Nacido el 29 de septiembre de 1946 en Vancouver, su carrera ha seguido una evolución bastante extraña. En su época de estudiante comenzó a tontear con el arte conceptual y el minimalismo pictórico, para abandonar completamente su producción al doctorarse cum laude con su tesis sobre el dadaísmo berlinés. Este éxito, acentuado por su pasión por toda forma artística, le llevó a centrarse en su labor docente y académica hasta 1977, cuando regresó a la escena pública para firmar las primeras transparencias que marcarían el posterior desarrollo de su estilo personal.
“Un repentino golpe de viento al estilo de Hokusai” supone una reinterpretación actual de la xilografía “Viajeros sorprendidos por una brisa repentina en Ejiri” (1829-1833), perteneciente a la serie “Treinta y seis vistas del monte Fuji”. Como todos los grabados de Hokusai, la obra original apenas alcanza los veinticinco centímetros de largo, por lo que además de versionarla, Wall ha ampliado descomunalmente la idea para agregar todo tipo de detalles minuciosos. Los cuatro personajes que figuran en el primer plano de la escena no son sino actores caracterizados, a los que Wall retrató varias veces en un paisaje de las afueras de su ciudad natal. Al parecer, Vancouver cuenta con un clima algo peculiar, que ofrece a sus ciudadanos el dudoso placer de permanecer sometidos a condiciones tormentosas durante unos cinco meses seguidos, por lo que lejos de suponer una simple copia del modelo japonés, la obra de Wall puede considerarse como un reflejo tanto de la vida cotidiana de sus vecinos como de su diversidad, pues mientras dos de los personajes van vestidos como profesionales urbanos, los otros dos dan la impresión de ser gente dedicada a las labores agrarias.

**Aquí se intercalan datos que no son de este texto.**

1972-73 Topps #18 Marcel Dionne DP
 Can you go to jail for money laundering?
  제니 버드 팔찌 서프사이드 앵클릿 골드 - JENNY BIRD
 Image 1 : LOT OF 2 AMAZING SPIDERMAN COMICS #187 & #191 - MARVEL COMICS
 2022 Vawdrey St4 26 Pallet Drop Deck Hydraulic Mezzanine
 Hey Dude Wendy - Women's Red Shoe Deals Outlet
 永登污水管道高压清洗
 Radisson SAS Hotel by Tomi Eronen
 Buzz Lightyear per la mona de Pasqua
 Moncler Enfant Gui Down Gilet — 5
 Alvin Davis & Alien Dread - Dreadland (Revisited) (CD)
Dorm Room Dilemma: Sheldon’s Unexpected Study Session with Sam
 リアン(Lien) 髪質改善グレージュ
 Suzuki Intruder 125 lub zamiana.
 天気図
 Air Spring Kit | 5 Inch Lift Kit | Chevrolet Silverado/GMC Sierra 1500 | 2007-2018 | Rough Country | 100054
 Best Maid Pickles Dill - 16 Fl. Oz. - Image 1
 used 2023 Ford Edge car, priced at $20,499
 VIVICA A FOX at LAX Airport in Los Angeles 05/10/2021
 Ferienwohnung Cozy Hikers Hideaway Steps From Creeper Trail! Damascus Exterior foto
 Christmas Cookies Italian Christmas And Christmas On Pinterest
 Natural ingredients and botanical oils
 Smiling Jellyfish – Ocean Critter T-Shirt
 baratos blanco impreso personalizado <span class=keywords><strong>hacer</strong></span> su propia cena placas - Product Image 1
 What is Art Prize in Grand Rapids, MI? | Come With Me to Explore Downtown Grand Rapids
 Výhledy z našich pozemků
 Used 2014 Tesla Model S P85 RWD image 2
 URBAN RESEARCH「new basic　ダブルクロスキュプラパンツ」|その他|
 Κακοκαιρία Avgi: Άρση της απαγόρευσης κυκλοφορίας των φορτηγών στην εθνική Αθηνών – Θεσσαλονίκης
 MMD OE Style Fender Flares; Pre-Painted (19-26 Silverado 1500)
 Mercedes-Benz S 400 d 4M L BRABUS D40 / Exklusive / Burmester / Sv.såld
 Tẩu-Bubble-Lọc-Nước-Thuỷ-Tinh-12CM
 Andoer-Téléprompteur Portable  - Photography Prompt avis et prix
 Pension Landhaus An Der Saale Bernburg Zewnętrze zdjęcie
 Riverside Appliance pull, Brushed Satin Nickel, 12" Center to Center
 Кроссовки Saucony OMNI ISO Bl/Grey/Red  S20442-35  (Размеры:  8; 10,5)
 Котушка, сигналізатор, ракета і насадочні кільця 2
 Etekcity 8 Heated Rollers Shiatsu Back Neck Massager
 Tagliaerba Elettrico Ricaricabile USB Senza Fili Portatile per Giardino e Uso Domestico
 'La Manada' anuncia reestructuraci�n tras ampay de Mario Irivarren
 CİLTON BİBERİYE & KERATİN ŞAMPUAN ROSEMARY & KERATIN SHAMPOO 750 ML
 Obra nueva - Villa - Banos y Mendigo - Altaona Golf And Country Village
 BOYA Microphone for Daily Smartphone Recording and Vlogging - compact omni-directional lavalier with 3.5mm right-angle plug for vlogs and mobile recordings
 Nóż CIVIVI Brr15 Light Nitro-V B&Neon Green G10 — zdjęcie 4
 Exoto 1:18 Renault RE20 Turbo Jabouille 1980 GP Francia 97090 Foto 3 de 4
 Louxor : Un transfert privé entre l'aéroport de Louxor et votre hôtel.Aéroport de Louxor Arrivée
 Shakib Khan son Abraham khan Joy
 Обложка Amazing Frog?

La escena ha perdido el romanticismo y la belleza propias del ukiyo-e y del paisaje tradicional japonés. El camino serpenteante de Hokusai ha sido sustituido por unas aguas canalizadas de dudosa pureza ―un ramal del río Fraser―, y el monte Fuji por un impresionante edificio de apariencia industrial. Terrenos en barbecho, emanaciones gaseosas, postes telegráficos decadentes, estructuras de hierro oxidado y casetas precarias ―tomando el lugar de los campos de arroz idealizados por el grabador― nos ofrecen una sensación de cierta suciedad y abandono que puede generar en nosotros la impresión de que la contaminación ambiental tiene bastante que ver en la apariencia plomiza del cielo. Las circunstancias han cambiado muchísimo en siglo y medio, pero la realidad humana sigue siendo idéntica: la misma tragedia, si no mayor, supone para la ejecutiva o abogada canadiense perder las hojas de su expediente que para la mercader japonesa su género de paños. En el fondo, nada nuevo bajo el sol; ni tampoco bajo las nubes. Quizá sólo algo más de porquería.